Teshmont has been providing specialist engineering services to Manitoba Hydro for the Nelson River Transmission Project since 1966. Teshmont’s initial services included feasibility studies, system definition studies, detailed engineering design, electrical and structural design of the HVDC lines and stations, and construction supervision and commissioning of the complete system. The project consisted of two HVDC transmission lines with a total length of about 1800 km, and three HVDC converter stations associated with the two bipoles. Bipole I is rated at ±450 kV, 1800 MW and Bipole II is rated at ±500 kV, 2000 MW.
When Bipole I was built, mercury arc valves were used to rectify the alternating current.

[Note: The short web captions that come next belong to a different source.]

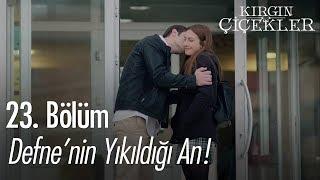 Defnenin yıkıldığı an - Kırgın Çiçekler 23. Bölüm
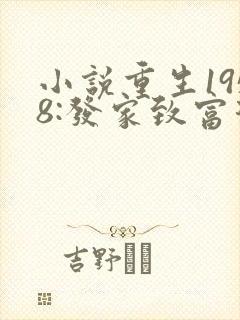 小说重生1958:发家致富从南锣鼓巷开始小说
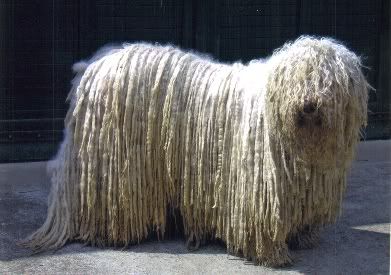 MtyskirlyudvarilmosRna-Drka.jpg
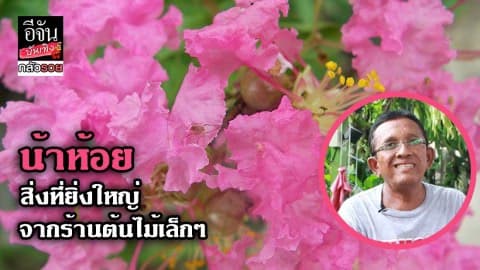 ซีรีย์กลัวรวย ตอน สิ่งที่ยิ่งใหญ่จากร้านต้นไม้เล็ก ๆ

The mercury arc valves of Pole 1 were replaced with thyristor valves by GEC Alsthom, increasing the maximum power and voltage of the line to its present levels.
Teshmont was retained to assist with the replacement of the Bipole I Pole 1 mercury arc valves at the Dorsey and Radisson converter stations with advanced technology thyristor valves. Teshmont assisted with feasibility/justification of the project, preparation of the specifications for the replacement of the mercury-arc converter valves, bid evaluation, post award engineering, including review of contractor’s study reports, equipment specifications, test specifications and test reports, witnessing of tests and factory inspection, preparation of installation work packages and decommissioning instructions for removing existing mercury arc valve equipment and replacement with new thyristor valve equipment, as well as providing assistance to the sites during construction and commissioning phases.
After the Bipole I Pole 1 valve replacement project was complete, the mercury arc valves of Pole 2 were replaced with Siemens light triggered thyristor valves.
Teshmont assisted with the replacement of the Bipole I Pole 2 valves with advanced technology thyristor valves, and provided Manitoba Hydro with the same specialist services as for Pole 1.